Disclaimer…. if your going to use one of the blades shown below be aware that fabricators have a nick-name for them… meat axe! they are very affective for cutting alloy but use leather gloves and be warned!
Next I trim back the fuel rail mounts so i have room to weld, welding the flangs on is a bit tricky even with the mounts trimmed right back so it really is no problem to take them off all together this makes the welding much easier. Then all you need is 2 little tags to bolt the rail back on i will show this in the next photos. For this one i am leaving them on
Here are the tags you will need if the mounts are removed.
and here’s the rail bolted in place with them, they go under two of the nuts holding the manifold on
depending on what model manifold your starting with some need the end runners fixing because they start heading up too soon so first i cut a couple of runner pieces from the discarded manifold, just trim and square them up roughly by eye.
To go off on a tangent. Look at the size of the runners at this point, we are about 100mm from the head and they are only about 35mm!!!
Think about this for a second the OEM manifold is still good for some great power numbers and its only 35mm, most other brands of ITB manifold are 45mm at this point, thats nearly double the cross sectional area this can have quite a devistating affect on the critical air velocity and performance!!! This also highlights why 40mm ITB is plenty big enough for even very tough m20's.
Ok onward… then trim the outside two runners right down short and weld on those little straight pieces
next, you need to make up a holding JIG, i use a piece of RHS and drill and tap 4 holes in it to bolt the manifold on. Of the 12 holes in the flange i use holes 1,4,9 and 12.
then with the flange bolted to the JIG and bolted to the mill table the runners can be milled flat
Next is an important step, this is done AFTER milling the runners. Take out the middle bolts (4 and 9) and loosen off the other 2, then slip 2 shims 1mm thick directly under runners 3&4 then gently tighten the end bolts down until the tip of the flange just touches the JIG, this puts a 1mm bow in the whole thing. This is to compensate for the distortion caused by the welding.
Then sit the flange plate on where its the best average fit, clamp at the ends to pull it onto the runners and get some good tack welds to each side of each runner.
Then weld away!!
make sure all your surfaces are raw and clean, keep it bolted to the jig the whole time just with the two end bolts and the 1mm shims in place.

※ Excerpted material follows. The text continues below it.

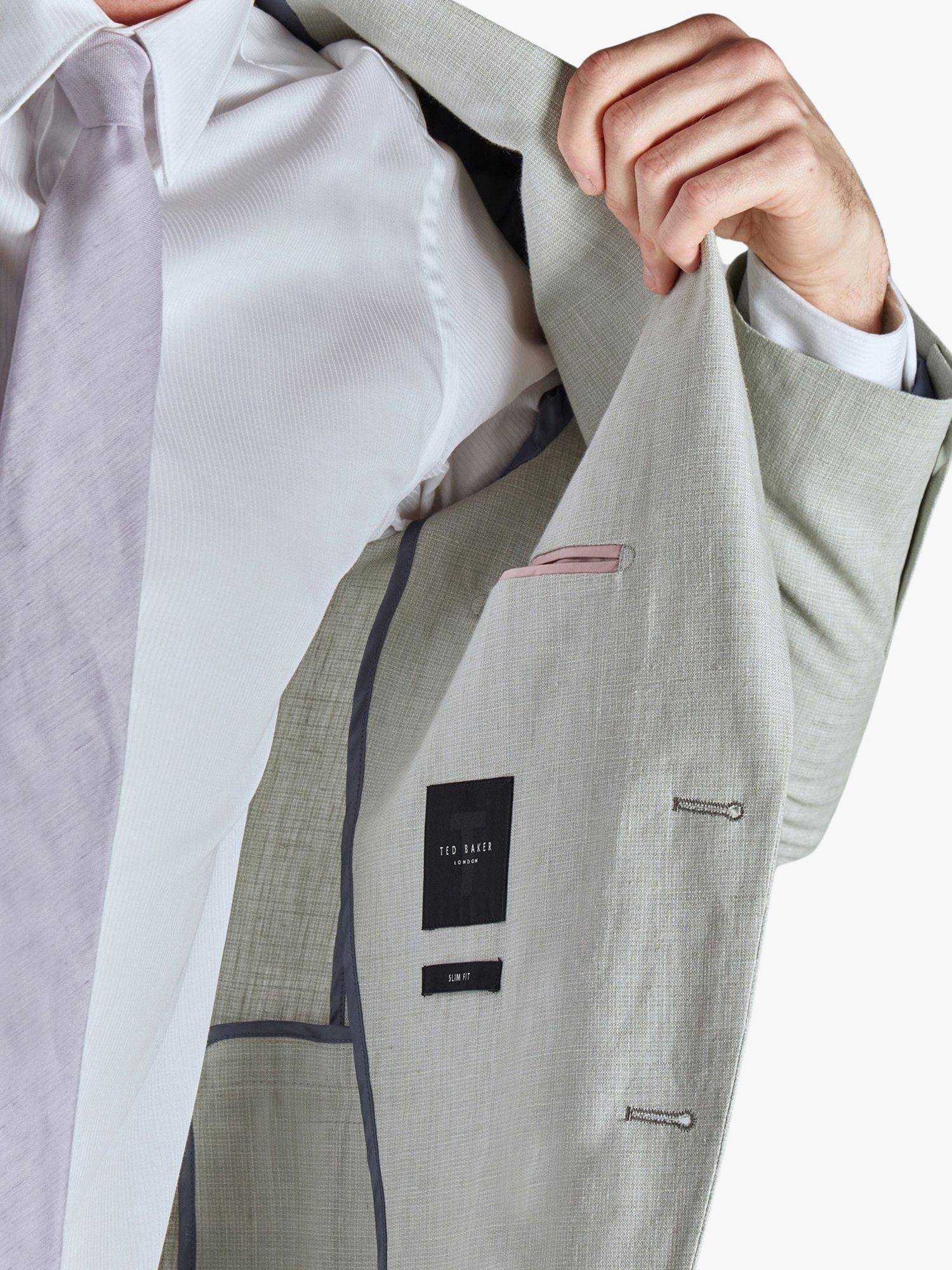 Buy Ted Baker Leo Linen Slim Fit Suit Jacket, Pistachio Online at johnlewis.com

Try to avoid welding the same side of all the runners first, I usually weld top, bottom, top, bottom and so on then go back and do the other sides etc. This is where you will curse leaving those fuel rail mounts there!

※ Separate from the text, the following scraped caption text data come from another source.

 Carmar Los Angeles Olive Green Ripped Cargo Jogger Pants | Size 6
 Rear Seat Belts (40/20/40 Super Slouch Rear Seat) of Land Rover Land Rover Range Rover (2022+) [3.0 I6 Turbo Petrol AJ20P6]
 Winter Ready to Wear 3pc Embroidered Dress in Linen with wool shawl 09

I should note the DCOE bolt pattern is 90mm spacing and the m20 bore is 91mm spacing so when you make a flange, space the holes so they go 90mm 92mm, 90mm, 92mm etc. You can find an AutoCAD file of the whole plate here in my downloads section.

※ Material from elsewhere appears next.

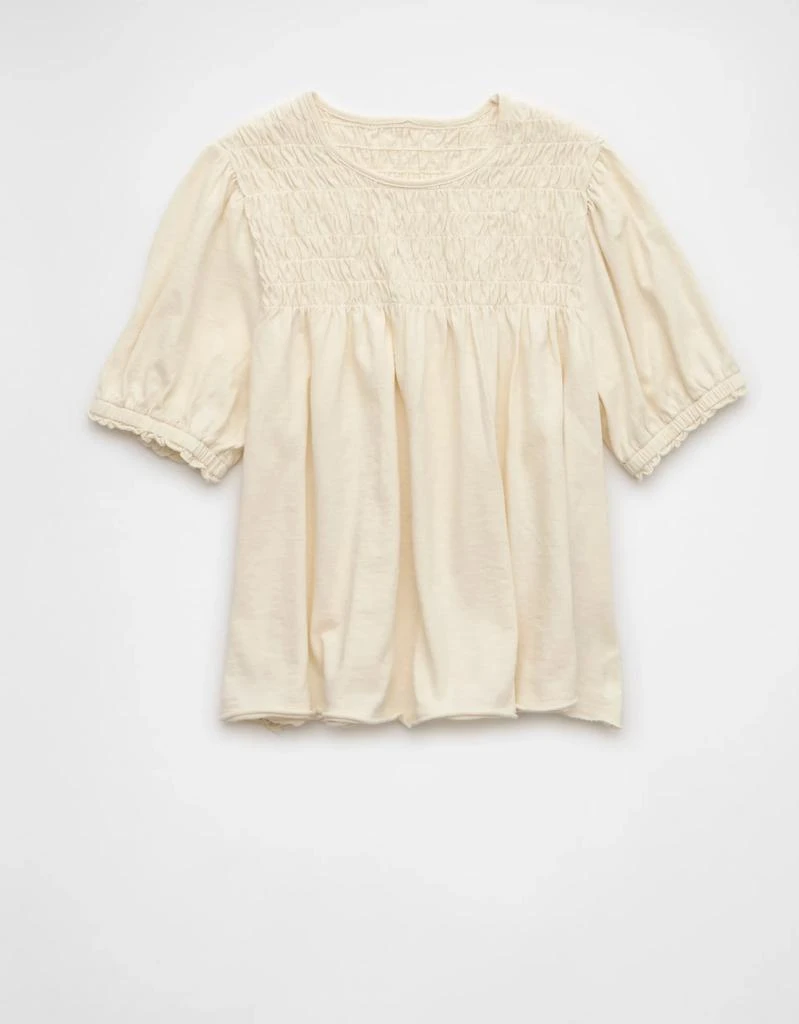AE AE Sunchaser Knit Puff Sleeve Smocked T-Shirt 3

Unbolt it from the JIG, check it with a straight edge it should be pretty good but if its still a little bowed all it will take is a gentle bump with a big hammer and some blocks of wood… be very careful!!! it wont take much, try to get the head face as perfect as possible.
That’s the fun part done next is the tedious part, the runners need to be hogged out to match the flange so get comfortable with the die grinder and start cutting, keep a little dish handy with some WD40 or even Kero mixed with engine oil works well, dip the cutter in now and then to keep it cutting really well, stops it clogging up. Try to get the transition as smooth and gradual as possible from the 40mm hole down the the head face flange.
Lastly it goes back on the JIG and into the mill for a light skim, if everything was done well then it usually takes less than 0.5mm for it to clean up.
Flip it over and give the head face the lightest possible skim too just to make sure it will seal up well
Last thing to do is tap all the holes in the new flange for the studs, give it a clean and a coat of your favorite color!…. sorry no pics of last step.